Any of the one or more above aspects, wherein evaluating the electronic training content vectors and the driver behavior data vectors comprises determining that one of the electronic training content vectors is correlated with one of the driver behavior data vectors.
Any of the one or more above aspects, wherein the identified training content comprises the electronic training content of the electronic training content vector that is correlated with one of the driver behavior data vectors.
Any of the one or more above aspects, further comprising: receiving feedback of a performance of the driver of the provided training assignment; reevaluating the electronic training content vectors and the driver behavior data vectors to identify additional training content relevant to the driver based on the feedback; generating a new training assignment based on the identified additional training content; and providing the new training assignment to the driver.
Any of the one or more above aspects, wherein generating the new training assignment based on the identified additional training content comprises including at least one identified training content document in the training assignment.
Any of the one or more above aspects, wherein the identified additional training content comprises a portion of the identified training content.
Any of the one or more above aspects, wherein the driver behavior data comprises one of: a motor vehicle report; a telematics event datapoint; a claim datapoint; a court datapoint; or a combination thereof.

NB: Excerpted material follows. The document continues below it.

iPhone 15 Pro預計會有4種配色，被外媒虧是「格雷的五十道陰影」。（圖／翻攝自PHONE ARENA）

Other aspects of the present disclosure include a system for assigning content to a driver, comprising: a server operable to: receive electronic training content; and receive driver behavior data associated with the driver, wherein the server comprises: a natural language processor operable to process the electronic training content to produce tokenized electronic training content, and process the driver behavior data to produce tokenized driver behavior data; a document analysis processor operable to process the tokenized electronic training content to produce electronic training content vectors, and process the tokenized driver behavior data to produce driver behavior data vectors; and a training assignment processor operable: to evaluate the electronic training content vectors and the driver behavior data vectors to identify training content of the electronic training content relevant to the driver; and generate a training assignment based on the identified training content; wherein the server is further operable to provide the training assignment to the driver.
Any of the one or more above aspects, wherein the server further comprises: an audio and speech recognition processor operable process an audio portion of electronic training content to prepare the electronic training content for processing by the natural language processor; and a training script processor operable to process a script of electronic training content to prepare the electronic training content for processing by the natural language processor.

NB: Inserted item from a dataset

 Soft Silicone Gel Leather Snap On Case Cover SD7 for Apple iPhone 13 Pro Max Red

Any of the one or more above aspects, wherein the server further comprises a training progress processor that monitors progress and results of the training assignment generated by the training assignment processor.
Any of the one or more above aspects, wherein: the training progress processor is further operable to send feedback comprising the progress and results of the training assignment to the training assignment processor; and the training assignment processor is further operable to: reevaluate the electronic training content vectors and the driver behavior data vectors based on the feedback to identify additional training content relevant to the driver; generate a new training assignment based on the identified additional training content; and provide the new training assignment to the driver.
Other aspects of the present disclosure include a system for assigning training content to a driver, comprising a processor and a memory storing instructions that, when executed by the processor, cause the system to: receive electronic training content; process the electronic training content to produce tokenized electronic training content; analyze the tokenized electronic training content to produce electronic training content vectors; receive behavior data associated with the driver; process the driver behavior data to produce tokenized driver behavior data; analyze the tokenized driver behavior data to produce driver behavior data vectors; evaluate the electronic training content vectors and the driver behavior data vectors to identify training content of the electronic training content relevant to the driver; generate a training assignment based on the identified training content; and provide the training assignment to the driver.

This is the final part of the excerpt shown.